Penggunaan AI lain yang cukup marak ada di kamera smartphone. Dengan AI, smartphone bisa menawarkan optimasi pengambilan gambar yang lebih baik. Kamera bisa secara otomatis menyesuaikan parameter pengambilan foto sesuai dengan kondisi lingkungan tempat pengambilan foto. Selain itu, AI juga memungkinkan kamera smartphone mengambil foto berdasarkan objek tertentu, dengan parameter dan efek foto diatur secara otomatis, sesuai dengan apa yang dianggap paling cocok untuk menonjolkan objek tersebut, misalnya untuk objek makanan, bunga, hewan, juga untuk “beautification“, dan lain sebagainya.

Bagaimana “AI” Bekerja?

Melihat fungsi dari AI di smartphone itu, hal yang mungkin membuat kita penasaran adalah bagaimana sebenarnya AI ini bisa membuat kemampuan yang ditawarkan smartphone berkembang sesuai dengan apa yang dibutuhkan penggunanya. Secara singkat, “AI” di sini berarti ada suatu sistem yang bertugas untuk melakukan analisa terhadap aktivitas pengguna, di mana data-data yang dibutuhkan untuk dianalisa itu dikirimkan oleh smartphone ke sistem tersebut. Sistem tersebut umumnya ditempatkan di cloud, yang dikelola oleh pengembang sistem, misalnya Google untuk Google Assistant. Nantinya, informasi hasil analisa data tersebut digunakan smartphone untuk meningkatkan kemampuan fitur yang ada di dalamnya.

Cloud-Based-AI

“Teknik” kerja AI ini sebenarnya sudah digunakan selama beberapa waktu, terutama sejak kemunculan personal assistant berbasis suara, seperti Google Assistant. Namun, seiring perkembangan kebutuhan akan AI ini, memanfaatkan cloud untuk AI sudah dipandang merupakan kendala tersendiri. Salah satu faktor utamanya adalah data yang harus dianalisa harus dikirim terlebih dahulu ke cloud, yang tentunya juga tergantung dengan koneksi Internet pada smartphone itu sendiri. Hal ini tentunya jadi tantangan tersendiri bagi pengembang AI untuk smartphone, di mana mereka harus bisa mengatasi “keterbatasan” itu agar adopsi AI menjadi lebih fleksibel dan lebih luas, sehingga AI bisa berjalan lebih optimal. Solusinya, AI pun kini “diproses” di dalam smartphone itu sendiri.
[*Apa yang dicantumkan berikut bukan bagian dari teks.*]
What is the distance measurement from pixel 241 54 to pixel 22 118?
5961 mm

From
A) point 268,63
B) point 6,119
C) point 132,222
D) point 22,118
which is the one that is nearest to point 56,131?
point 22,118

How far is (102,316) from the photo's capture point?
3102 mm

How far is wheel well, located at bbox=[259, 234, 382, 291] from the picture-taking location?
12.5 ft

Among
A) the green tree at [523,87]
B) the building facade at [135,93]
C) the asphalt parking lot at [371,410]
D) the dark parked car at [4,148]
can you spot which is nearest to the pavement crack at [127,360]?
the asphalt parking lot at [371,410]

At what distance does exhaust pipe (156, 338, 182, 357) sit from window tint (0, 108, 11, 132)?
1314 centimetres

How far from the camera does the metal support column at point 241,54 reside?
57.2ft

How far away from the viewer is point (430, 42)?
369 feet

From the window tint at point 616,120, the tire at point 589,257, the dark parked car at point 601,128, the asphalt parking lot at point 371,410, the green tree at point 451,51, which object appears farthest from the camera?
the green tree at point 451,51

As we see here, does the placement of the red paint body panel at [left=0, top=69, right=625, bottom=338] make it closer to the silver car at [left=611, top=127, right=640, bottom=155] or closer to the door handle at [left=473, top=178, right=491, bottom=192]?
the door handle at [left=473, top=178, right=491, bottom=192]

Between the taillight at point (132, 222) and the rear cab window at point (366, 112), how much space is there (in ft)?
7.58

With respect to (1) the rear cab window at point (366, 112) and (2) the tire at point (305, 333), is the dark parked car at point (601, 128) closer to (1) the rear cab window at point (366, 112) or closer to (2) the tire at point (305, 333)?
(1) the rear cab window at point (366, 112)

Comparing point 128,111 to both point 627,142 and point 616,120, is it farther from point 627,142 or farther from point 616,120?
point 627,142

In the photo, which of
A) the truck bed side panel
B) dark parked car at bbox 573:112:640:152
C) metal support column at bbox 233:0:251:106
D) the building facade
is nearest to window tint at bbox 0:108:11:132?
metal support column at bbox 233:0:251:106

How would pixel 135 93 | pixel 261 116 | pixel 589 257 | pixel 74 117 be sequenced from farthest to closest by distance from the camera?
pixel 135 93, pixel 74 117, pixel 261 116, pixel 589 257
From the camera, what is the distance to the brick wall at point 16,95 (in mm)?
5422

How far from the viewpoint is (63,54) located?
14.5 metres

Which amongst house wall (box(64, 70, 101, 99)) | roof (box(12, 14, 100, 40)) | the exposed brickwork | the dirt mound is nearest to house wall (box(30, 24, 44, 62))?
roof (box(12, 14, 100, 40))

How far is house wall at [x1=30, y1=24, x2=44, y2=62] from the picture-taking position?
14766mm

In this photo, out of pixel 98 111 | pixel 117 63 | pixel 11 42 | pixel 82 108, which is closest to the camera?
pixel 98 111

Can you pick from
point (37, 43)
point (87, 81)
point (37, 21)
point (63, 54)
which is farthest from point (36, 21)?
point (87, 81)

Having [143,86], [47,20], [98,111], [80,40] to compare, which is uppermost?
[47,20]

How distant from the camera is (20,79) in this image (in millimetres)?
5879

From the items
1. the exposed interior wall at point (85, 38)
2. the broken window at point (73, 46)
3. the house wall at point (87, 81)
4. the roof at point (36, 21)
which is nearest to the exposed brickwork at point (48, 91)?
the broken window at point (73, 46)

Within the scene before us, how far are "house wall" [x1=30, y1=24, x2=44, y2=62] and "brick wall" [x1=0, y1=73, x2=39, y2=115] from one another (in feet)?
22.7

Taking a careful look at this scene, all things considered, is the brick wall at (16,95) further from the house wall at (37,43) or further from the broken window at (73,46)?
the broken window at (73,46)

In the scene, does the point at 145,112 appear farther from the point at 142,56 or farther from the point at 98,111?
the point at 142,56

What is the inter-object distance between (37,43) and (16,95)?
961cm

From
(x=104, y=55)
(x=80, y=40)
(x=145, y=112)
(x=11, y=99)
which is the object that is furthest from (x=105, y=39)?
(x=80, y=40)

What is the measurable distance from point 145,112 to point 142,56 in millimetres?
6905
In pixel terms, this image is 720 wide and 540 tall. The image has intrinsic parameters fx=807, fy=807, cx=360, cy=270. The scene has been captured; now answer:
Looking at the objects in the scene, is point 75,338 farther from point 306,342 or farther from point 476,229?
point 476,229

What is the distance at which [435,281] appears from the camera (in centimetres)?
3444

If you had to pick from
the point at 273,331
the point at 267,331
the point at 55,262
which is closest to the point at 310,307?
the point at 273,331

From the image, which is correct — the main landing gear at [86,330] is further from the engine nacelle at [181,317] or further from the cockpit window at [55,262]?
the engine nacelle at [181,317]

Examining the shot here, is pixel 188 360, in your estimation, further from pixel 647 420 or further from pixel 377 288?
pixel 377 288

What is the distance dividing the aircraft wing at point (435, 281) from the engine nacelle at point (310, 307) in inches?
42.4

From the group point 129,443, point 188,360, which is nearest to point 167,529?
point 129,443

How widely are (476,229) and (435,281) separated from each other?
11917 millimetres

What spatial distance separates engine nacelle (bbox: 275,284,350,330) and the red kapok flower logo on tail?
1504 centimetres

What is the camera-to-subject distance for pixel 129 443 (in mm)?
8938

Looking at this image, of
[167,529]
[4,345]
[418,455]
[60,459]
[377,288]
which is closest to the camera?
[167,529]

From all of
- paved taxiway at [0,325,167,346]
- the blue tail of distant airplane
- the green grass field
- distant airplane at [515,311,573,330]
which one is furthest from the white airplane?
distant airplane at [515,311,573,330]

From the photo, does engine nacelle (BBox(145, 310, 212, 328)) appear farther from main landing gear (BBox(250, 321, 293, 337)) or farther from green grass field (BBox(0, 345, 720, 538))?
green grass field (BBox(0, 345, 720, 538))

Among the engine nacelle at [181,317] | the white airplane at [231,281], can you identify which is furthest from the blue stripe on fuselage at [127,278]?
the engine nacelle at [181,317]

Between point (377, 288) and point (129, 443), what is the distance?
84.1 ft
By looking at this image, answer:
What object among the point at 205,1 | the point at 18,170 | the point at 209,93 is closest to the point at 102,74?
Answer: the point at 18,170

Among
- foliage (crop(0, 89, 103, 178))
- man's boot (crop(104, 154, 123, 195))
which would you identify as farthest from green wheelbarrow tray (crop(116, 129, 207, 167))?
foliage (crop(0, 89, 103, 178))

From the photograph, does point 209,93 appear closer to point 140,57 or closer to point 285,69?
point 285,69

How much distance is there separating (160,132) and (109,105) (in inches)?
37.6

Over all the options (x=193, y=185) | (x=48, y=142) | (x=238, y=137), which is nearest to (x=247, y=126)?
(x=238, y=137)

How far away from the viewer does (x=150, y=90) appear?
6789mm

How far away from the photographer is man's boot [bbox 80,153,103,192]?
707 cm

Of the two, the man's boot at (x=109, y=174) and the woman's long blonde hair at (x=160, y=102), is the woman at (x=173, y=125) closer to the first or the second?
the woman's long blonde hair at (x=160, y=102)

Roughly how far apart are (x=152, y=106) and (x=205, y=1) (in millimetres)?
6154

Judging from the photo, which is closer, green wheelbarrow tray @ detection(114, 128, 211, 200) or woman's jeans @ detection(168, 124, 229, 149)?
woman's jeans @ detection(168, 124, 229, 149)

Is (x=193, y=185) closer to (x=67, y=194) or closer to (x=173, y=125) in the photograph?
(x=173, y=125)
“AI” Bisa Diproses di Smartphone?

Ya, bisa! Analisis data untuk kebutuhan AI pun bisa dikerjakan di smartphone, dengan memanfaatkan komponen-komponen yang ada di smartphone. Memang, untuk saat ini, pengolahan AI di smartphone masih ada di tingkat yang jauh lebih sederhana dari yang bisa ditawarkan oleh AI dengan cloud, sehingga tetap saja cloud akan dibutuhkan untuk menawarkan semua kemampuan AI di smartphone. Namun, karena ada proses yang bisa dikerjakan di smartphone, AI pun bisa jadi lebih efisien.
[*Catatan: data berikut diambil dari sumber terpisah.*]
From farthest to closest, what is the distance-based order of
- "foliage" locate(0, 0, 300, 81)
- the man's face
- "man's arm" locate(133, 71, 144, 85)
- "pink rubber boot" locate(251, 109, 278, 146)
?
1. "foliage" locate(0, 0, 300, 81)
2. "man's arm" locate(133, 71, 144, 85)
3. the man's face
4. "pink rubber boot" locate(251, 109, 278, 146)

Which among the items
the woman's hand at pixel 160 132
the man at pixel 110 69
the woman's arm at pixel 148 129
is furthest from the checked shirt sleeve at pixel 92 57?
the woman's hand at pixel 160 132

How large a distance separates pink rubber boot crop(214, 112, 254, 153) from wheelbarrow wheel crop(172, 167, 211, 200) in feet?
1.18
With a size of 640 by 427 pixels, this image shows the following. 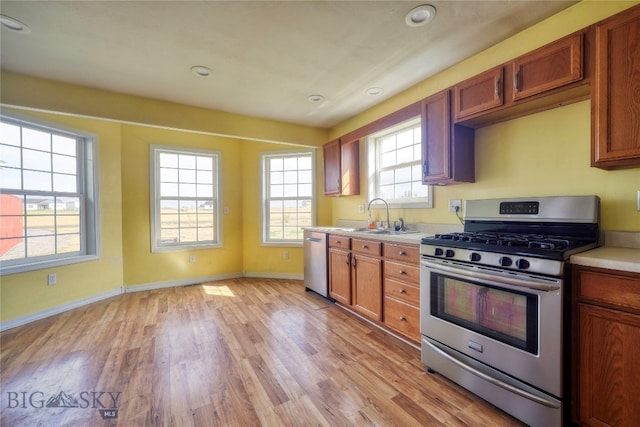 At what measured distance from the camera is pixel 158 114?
9.72ft

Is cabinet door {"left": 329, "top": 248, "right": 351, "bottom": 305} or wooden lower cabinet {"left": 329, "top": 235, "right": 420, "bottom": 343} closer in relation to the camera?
wooden lower cabinet {"left": 329, "top": 235, "right": 420, "bottom": 343}

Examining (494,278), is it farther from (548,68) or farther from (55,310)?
(55,310)

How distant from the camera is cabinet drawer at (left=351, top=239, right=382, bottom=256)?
99.8 inches

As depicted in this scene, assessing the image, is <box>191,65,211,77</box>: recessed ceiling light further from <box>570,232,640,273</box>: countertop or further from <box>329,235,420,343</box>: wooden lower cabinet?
<box>570,232,640,273</box>: countertop

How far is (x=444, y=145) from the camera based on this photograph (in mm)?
2264

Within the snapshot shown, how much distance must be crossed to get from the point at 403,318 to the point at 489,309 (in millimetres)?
793

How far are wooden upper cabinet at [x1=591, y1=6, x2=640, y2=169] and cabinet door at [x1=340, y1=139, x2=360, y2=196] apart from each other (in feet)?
7.87

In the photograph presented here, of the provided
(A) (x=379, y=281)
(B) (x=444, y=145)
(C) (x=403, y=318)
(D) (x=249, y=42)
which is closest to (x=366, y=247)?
(A) (x=379, y=281)

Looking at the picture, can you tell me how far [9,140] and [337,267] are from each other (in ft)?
12.3

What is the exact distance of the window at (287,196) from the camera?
444cm

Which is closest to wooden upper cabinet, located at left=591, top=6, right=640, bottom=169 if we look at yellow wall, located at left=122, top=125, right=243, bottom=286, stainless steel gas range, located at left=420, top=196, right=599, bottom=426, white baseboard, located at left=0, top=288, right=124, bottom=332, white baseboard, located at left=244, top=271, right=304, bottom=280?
stainless steel gas range, located at left=420, top=196, right=599, bottom=426

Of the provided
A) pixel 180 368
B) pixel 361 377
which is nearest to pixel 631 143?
pixel 361 377

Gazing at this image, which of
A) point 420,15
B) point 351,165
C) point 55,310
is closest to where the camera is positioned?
point 420,15

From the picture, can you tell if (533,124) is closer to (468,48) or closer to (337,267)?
(468,48) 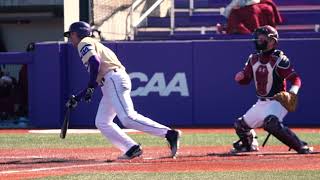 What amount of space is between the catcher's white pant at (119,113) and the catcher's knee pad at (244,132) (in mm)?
1151

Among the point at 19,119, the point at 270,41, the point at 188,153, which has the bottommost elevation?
the point at 19,119

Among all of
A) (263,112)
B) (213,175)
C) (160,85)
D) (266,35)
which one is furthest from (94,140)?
(213,175)

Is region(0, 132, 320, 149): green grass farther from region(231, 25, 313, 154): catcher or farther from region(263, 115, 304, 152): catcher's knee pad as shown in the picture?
region(263, 115, 304, 152): catcher's knee pad

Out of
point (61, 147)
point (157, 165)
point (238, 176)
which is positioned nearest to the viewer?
point (238, 176)

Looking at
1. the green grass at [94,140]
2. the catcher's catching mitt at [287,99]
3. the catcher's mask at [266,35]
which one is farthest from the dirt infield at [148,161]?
the catcher's mask at [266,35]

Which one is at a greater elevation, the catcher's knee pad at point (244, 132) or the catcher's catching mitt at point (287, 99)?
the catcher's catching mitt at point (287, 99)

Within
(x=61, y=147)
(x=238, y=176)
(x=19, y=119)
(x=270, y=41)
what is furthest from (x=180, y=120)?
(x=238, y=176)

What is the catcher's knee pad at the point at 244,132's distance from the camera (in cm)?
1031

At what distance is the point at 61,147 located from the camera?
11.7m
Artificial Intelligence Electronic Circuit. Microchip With Glowi

Sebagai contoh, untuk AI di kamera, pengenalan objek-objek yang cukup umum untuk pemilihan “scene” foto, seperti makanan, bunga, dan beberapa jenis objek lain, sudah bisa dilakukan sepenuhnya di smartphone yang sudah dilengkapi dengan komponen-komponen yang mendukung AI. “On-Device AI” seperti ini memanfaatkan sejumlah prosesor di dalam SoC smartphone, seperti CPU, GPU, dan lain-lain untuk analisa data di dalam smartphone sendiri, sehingga hasilnya bisa didapatkan langsung, tidak perlu dilakukan oleh cloud, yang membuat smartphone yang tidak terhubung ke Internet pun bisa mendapatkan manfaat AI ini. Lalu, apa “On-Device AI” ini memiliki perbedaan dengan “AI” berbasis cloud?
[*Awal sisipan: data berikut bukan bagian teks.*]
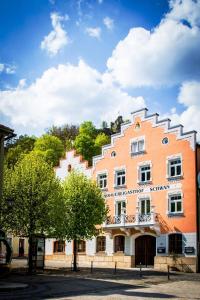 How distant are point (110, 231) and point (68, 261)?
646 centimetres

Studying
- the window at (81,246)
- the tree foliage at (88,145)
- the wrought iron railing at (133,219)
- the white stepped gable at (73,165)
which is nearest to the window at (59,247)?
the window at (81,246)

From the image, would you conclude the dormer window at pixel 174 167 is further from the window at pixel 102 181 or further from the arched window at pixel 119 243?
the window at pixel 102 181

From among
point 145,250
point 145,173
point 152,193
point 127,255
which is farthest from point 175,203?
point 127,255

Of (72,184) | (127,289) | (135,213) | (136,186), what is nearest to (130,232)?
(135,213)

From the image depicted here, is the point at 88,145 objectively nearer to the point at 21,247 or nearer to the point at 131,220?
the point at 21,247

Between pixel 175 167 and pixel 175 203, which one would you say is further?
pixel 175 167

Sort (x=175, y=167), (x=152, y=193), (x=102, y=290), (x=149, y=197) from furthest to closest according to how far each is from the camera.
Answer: (x=149, y=197), (x=152, y=193), (x=175, y=167), (x=102, y=290)

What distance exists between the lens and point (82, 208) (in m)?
33.9

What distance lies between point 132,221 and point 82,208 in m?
5.92

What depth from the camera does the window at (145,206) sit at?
38.2m

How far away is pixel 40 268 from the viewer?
3039 centimetres

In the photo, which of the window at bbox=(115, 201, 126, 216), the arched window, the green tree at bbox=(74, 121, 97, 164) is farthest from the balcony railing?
the green tree at bbox=(74, 121, 97, 164)

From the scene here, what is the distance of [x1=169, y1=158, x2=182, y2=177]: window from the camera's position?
36.0 meters

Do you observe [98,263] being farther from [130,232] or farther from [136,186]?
[136,186]
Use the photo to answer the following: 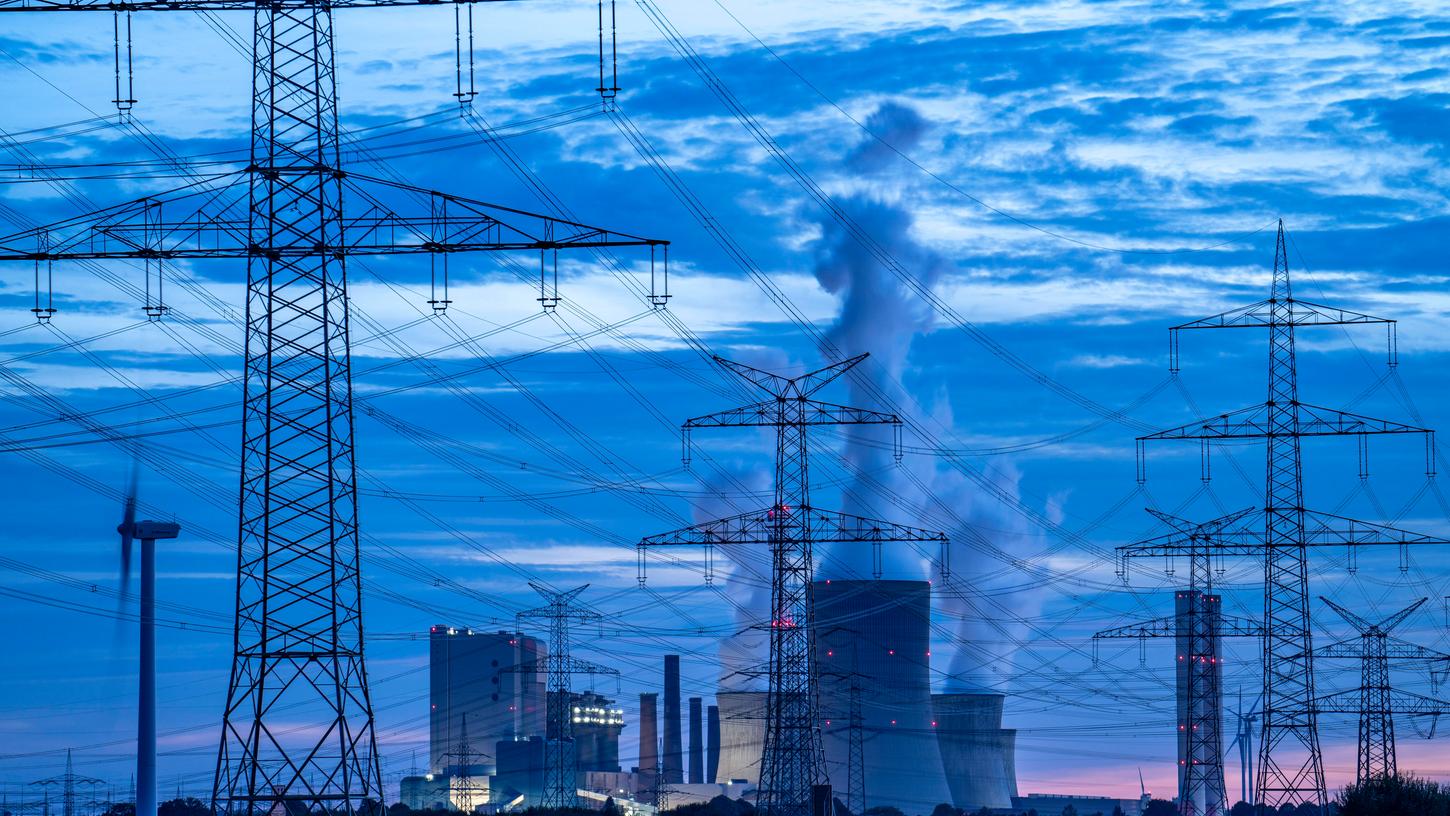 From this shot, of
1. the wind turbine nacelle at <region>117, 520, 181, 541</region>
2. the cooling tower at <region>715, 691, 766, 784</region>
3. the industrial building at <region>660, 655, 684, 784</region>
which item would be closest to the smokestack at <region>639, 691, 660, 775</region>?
the industrial building at <region>660, 655, 684, 784</region>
Beda “On-Device AI” di Smartphone dan “AI” Biasa

On-Device AI tentunya memiliki perbedaan dengan AI berbasis cloud, terutama dalam skala kemampuan yang ditawarkan. Ya, apa yang bisa diproses di smartphone tentunya tidak seluas apa yang bisa diproses oleh cloud, karena cloud pastinya memiliki kemampuan proses jauh lebih tinggi dari sebuah smartphone. AI yang bisa diproses secara lokal di smartphone umumnya memiliki fungsi yang lebih terbatas, tetapi sudah bisa memenuhi sebagian kebutuhan AI di smartphone itu sendiri.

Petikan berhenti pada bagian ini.